I'll take a shot at this, but keep in mind I'm no scientist...
Just for the sake of illustration, say your pump is pushing one gallon per minute of water at all times.
When that water passes through a smaller diameter tube, it's velocity must increase to get the same one gallon per minute through.
It's velocity slows when it passes through a larger section of tubing (or a chamber such as a reservior), again because you're pushing one gallon per minute.
In a reservior, the decrease in velocity makes it easy for a bubbles' boyancy to overcome the water's velocity and float to the surface, never to enter the waterstream again.
Also, in a system that doesn't yet have the pump running, a bubble can actually "clog" the tubing, keeping water from filling the system, so you need to run the pump for a short time to move the "clog" (as long as you DO have water in the pump!!!).
A reservior usually holds enough water to fill the system in one shot, so you can (depending on res size), just cycle the pump once and it's done after a little top-off.
A T-line system's piece of tubing doesn't hold enough water to fill the entire system in one go, so you need to fill-cycle-fill-cycle-fill...etc.
Once it's running, the res has the water capacity to make up for bubbles that continue to come out without worry.
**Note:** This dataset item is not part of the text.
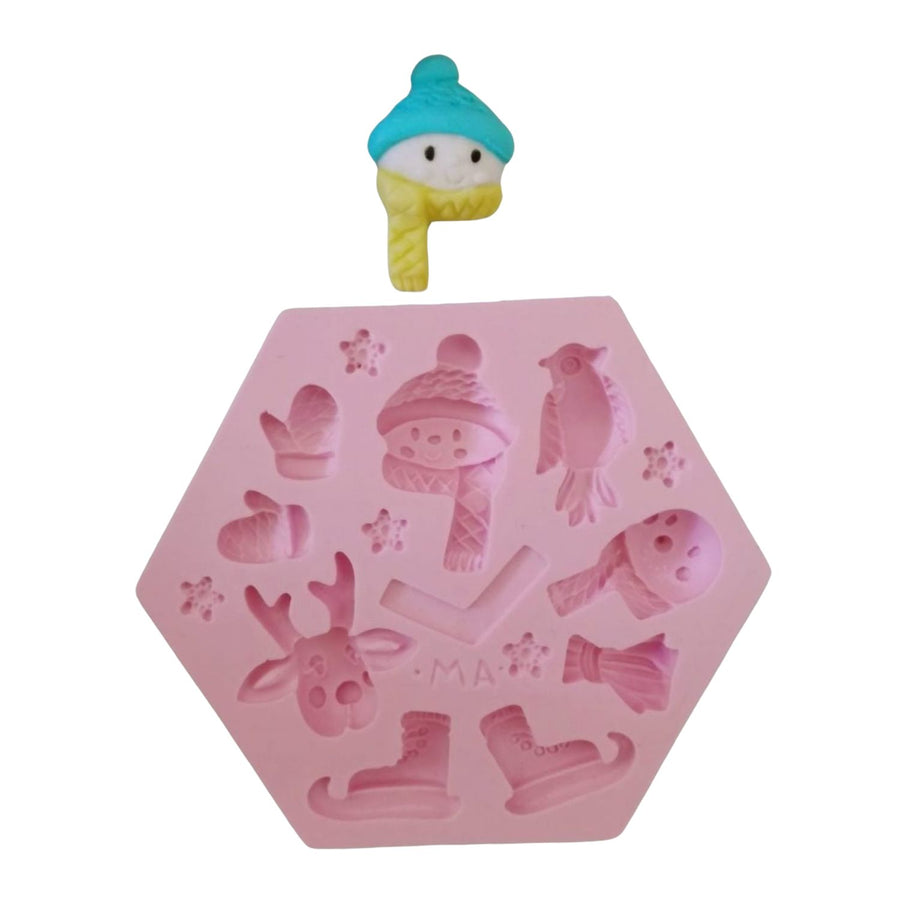 Christmas Kit Silicone Mold 390 MA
A T-line still needs to be checked and refilled often.
Lastly, since there's air bubbles at the microscopic level in most water, and many trapped inside of the radiator, there will be bubbles working out of the system for weeks, and a reservior doesn't have any problem with keeping up. Alot of first time T-line users post here panicked that their level drops so much over time they're afraid they have leaks they aren't seeing.
Res user's levels don't drop so drastically, so we don't often get one panicking until their video starts getting artifacts
.
I've run T-lines, and I've run reserviors. I prefer reserviors because of their fill-n-go abilities.
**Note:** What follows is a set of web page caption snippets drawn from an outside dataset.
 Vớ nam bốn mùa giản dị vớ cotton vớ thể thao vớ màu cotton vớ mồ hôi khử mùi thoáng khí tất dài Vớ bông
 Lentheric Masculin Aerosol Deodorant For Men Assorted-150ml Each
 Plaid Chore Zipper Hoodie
My cases are huge, and I don't LAN, so there's no portability/size/weight issues here.
BTW, technicaly, a T-line
is a reservior, only it has a small orifice and air surface area, and a small ammount of make-up water.
The fittings themselves often have an inside diameter smaller than the tubing, so water velocity is actually increased as it travels through it. This equals more time spent bleeding out the air. The tiniest bubbles must join other bubbles (which they eventually will) to gain enough boyancy to escape through the T.